La seconde question est liée à la première. Où trouver ces nouveaux prêtres ? Je connais des familles chrétiennes qui veulent que se lèvent des vocations mais dans la famille d’à-côté. Comment, dans vos familles, présente-t-on la vocation sacerdotale ? Si on insiste sur le petit salaire des prêtres, si l’on dit qu’on ne peut se marier, si l’on insiste sur le manque d’enfants, si l’on songe aux pauvres prêtres de campagne – et tout cela est vrai, bien sûr, et il ne convient pas d’être naïfs et de le cacher aux jeunes – mais si les familles chrétiennes ne disent que cela, alors je comprends que beaucoup de jeunes n’aient pas envie de donner leur vie au Seigneur Jésus. Toute vocation entraîne des privations, même la vocation au mariage. Mais quand deux amoureux se marient, ils sont entraînés par leur amour, et ils ont raison ; ils ne mettent pas au premier plan leurs futurs problèmes, même s’ils ont eu la sagesse de les évoquer. Parler de la vocation sacerdotale sans orienter les jeunes vers le visage du Christ, c’est se condamner à ne plus faire se lever de vocations. Mais cela pose, en arrière-plan, la question de la place du Christ dans la vie familiale, dans les engagements chrétiens de la famille, dans la qualité de la prière familiale.

 

Demander au Seigneur Jésus des prêtres pour qu’ils s’occupent de bien gérer la vie matérielle de la paroisse et pour multiplier les messes afin que chaque paroissien trouve son horaire sans bousculer son emploi du temps, je ne pense pas que ce soit une prière entenduepar notre Père. Demander des prêtres, dans la famille d’àcôté mais surtout pas dans la sienne, je ne pense pas que ce soit une prière encouragée par le Christ. Alors, quelle peut-être une bonne prière de demande ?

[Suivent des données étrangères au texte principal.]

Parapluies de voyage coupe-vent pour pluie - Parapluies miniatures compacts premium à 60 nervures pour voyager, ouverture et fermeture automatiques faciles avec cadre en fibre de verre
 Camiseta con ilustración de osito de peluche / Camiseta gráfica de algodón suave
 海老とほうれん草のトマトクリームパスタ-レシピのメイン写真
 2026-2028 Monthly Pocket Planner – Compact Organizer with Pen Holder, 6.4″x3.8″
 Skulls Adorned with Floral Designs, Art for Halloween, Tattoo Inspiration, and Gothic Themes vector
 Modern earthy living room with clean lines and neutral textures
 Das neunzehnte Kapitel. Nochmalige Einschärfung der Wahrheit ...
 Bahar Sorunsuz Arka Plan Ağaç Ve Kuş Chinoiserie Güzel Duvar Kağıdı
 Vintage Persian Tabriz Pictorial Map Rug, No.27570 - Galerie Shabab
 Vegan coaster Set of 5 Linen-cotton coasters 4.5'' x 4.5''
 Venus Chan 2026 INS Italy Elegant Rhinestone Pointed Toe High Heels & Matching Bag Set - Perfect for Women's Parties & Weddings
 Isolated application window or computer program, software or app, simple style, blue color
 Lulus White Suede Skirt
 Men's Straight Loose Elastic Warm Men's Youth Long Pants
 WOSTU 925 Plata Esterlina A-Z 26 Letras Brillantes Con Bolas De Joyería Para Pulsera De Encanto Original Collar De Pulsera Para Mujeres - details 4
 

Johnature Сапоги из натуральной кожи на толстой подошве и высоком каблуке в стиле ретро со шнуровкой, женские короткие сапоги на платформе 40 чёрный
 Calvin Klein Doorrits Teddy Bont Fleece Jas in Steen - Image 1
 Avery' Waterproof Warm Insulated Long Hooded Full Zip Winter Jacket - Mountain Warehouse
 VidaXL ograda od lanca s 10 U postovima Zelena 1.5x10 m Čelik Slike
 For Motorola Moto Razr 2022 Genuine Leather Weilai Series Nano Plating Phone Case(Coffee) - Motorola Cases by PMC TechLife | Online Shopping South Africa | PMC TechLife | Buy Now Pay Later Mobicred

Laissons agir l’Esprit Saint en toute liberté. Pour cela, acceptons de parler avec autant de joie du sacerdoce que du mariage qui sont deux vocations admirables : de cette façon, le jeune aura la liberté de choisir vraiment.

Et, surtout, désirons fermement que le Christ soit un véritable membre de nos familles.